PHOENIX – When Gov. Doug Ducey released his multimillion dollar budget proposal last week, he included $56 million in subsidies for day care, saying it would make such care more affordable for low-income families and expand its reach to about 29,000 children.
“We’re going to move from the back of the pack to right in the middle, and then we’re also going to let about 5,000 other children have these subsidies that don’t have them today,” said Christina Corieri, the governor’s senior policy adviser.
The state pays subsidies to day care centers to cover part of a child’s tuition, allowing qualifying families to choose a government-funded center. But the subsidies have stagnated even as day care costs have risen. The budget injection is meant to narrow the gap.
Families sometimes are forced to walk away from a day care center when the subsidy program doesn’t provide enough financial help, a day care administrator said.
“It’s hard.
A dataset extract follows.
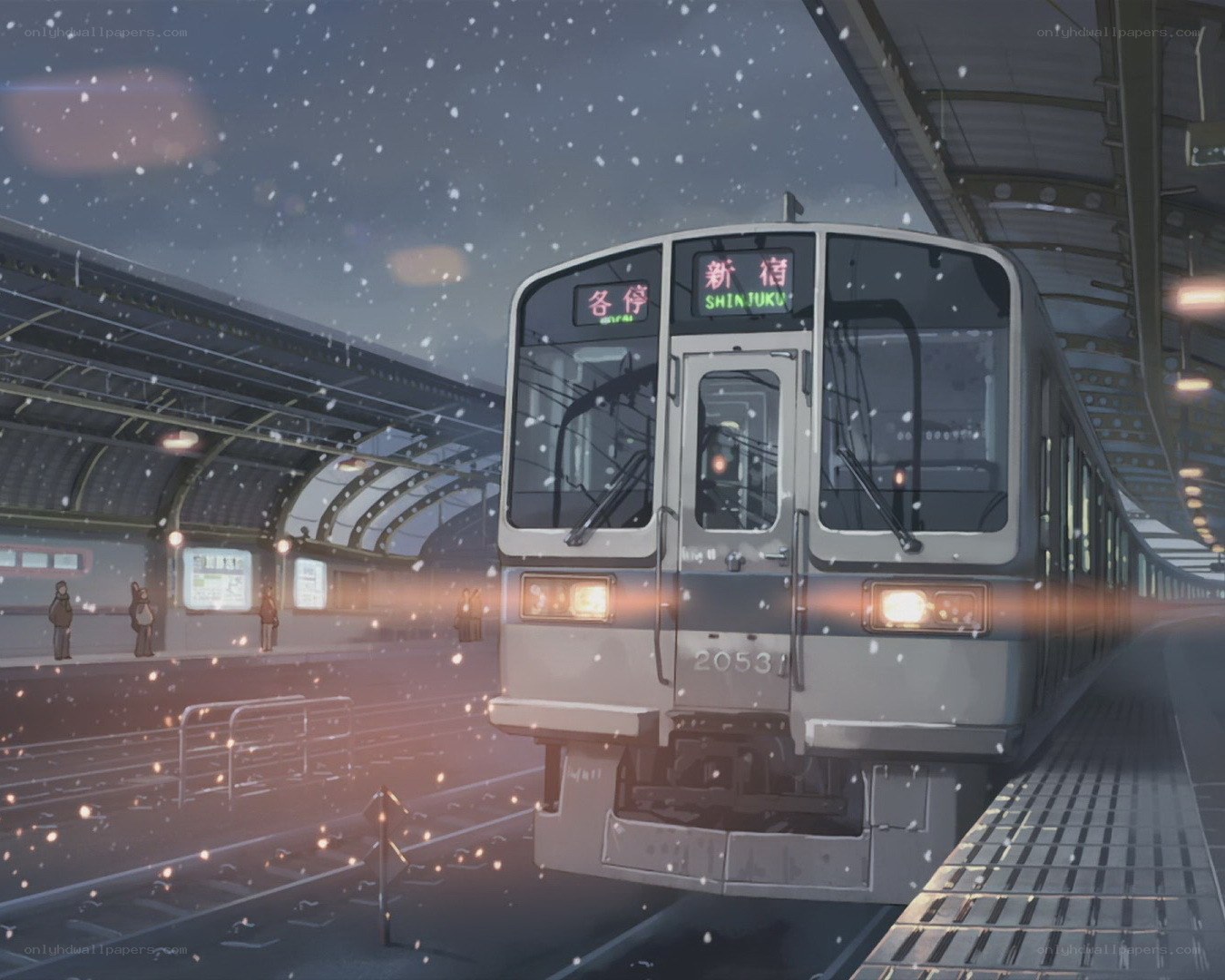 Snowy train at station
As soon as they walk in, we know we are going to have to have the talk,” said Kelly McCready, administrator of Kreative Kampus in central Phoenix.
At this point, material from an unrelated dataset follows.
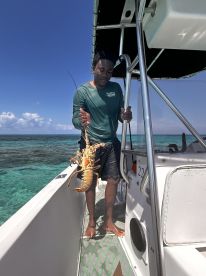 A fisherman proudly displays a freshly caught lobster aboard a boat, showcasing the thrill of ocean fishing and the beauty of the surrounding waters.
Without the option of licensed day care providers, she said, some parents rely on friends, family members or acquaintances – who aren’t trained – to watch their children, or the parents are forced to reduce working hours to care for their child.
“We’re taking away the opportunity for them to choose – to choose what’s best for their family,” McCready said.
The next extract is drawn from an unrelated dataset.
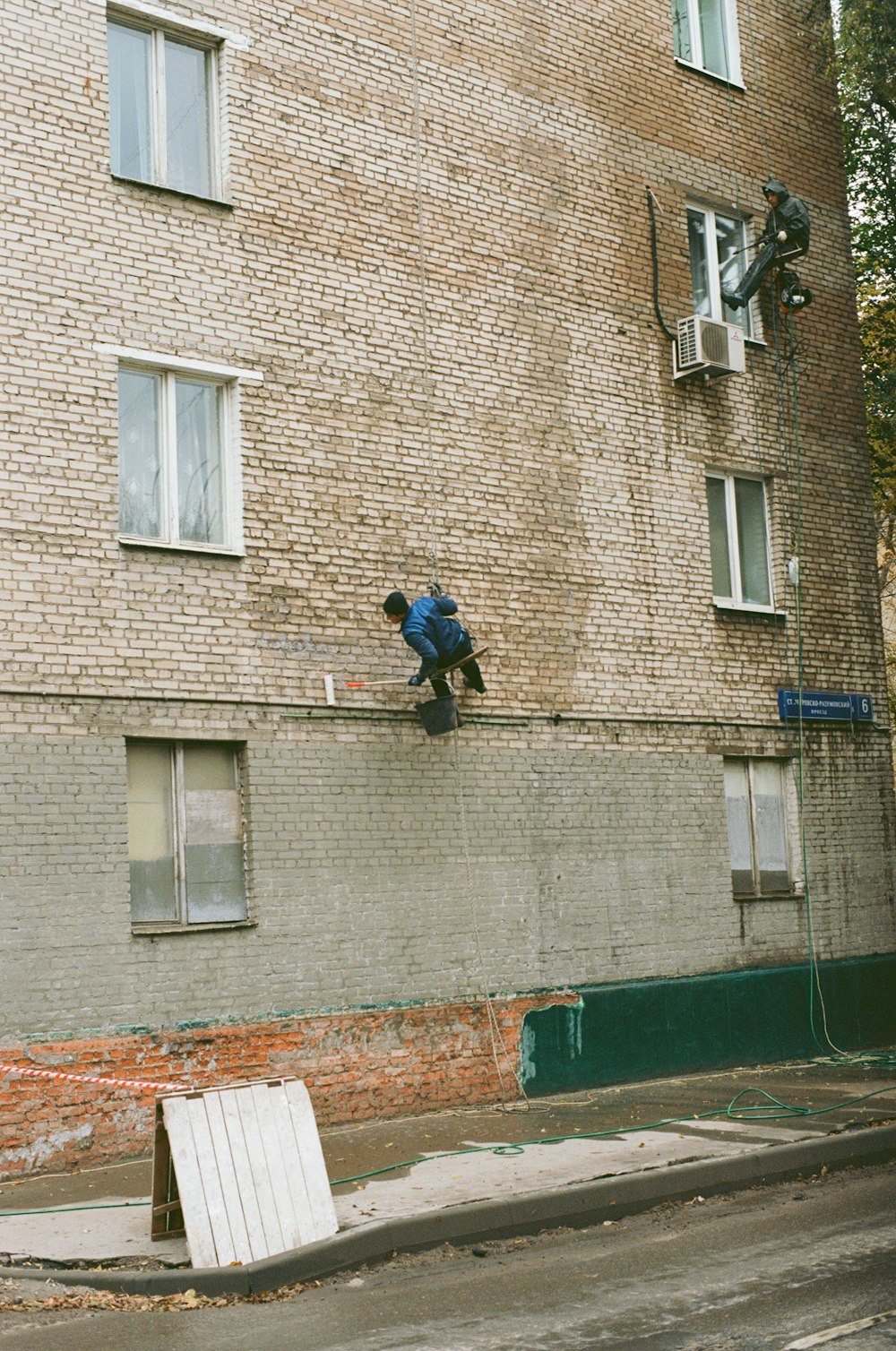 men by wall of building during daytime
The state last adjusted funding in 2000, giving care centers an average of $350 per child. But as employee salaries and other costs of running a day care facility escalated, so did families’ share of the bill.
In 2014, Arizona families paid an average day care cost of $9,437 a year, according to an Economic Policy Institute report that says high-quality child care is financially out of reach for most families.
McCready said day care owners and managers sometimes will try to make ends meet without asking families to pay the overage, but that goodwill strains those businesses’ resources.
“Working and living in the early-childhood industry, there’s so much passion and willingness to give that extra 10 percent to make up for not quite enough,” McCready said.
Ducey’s plan for the $56 million is to put half of the money toward lowering fees families have to pay by an average of $100 and the other half toward adding 5,100 children to the program. That would bring the number of eligible children to 29,000, according to Corieri, Ducey’s adviser.
“We are not supplementing parents in any way,” McCready said. “We are just supporting them, so having relationships with the families, with the children, we can then support here through the day what those families need.”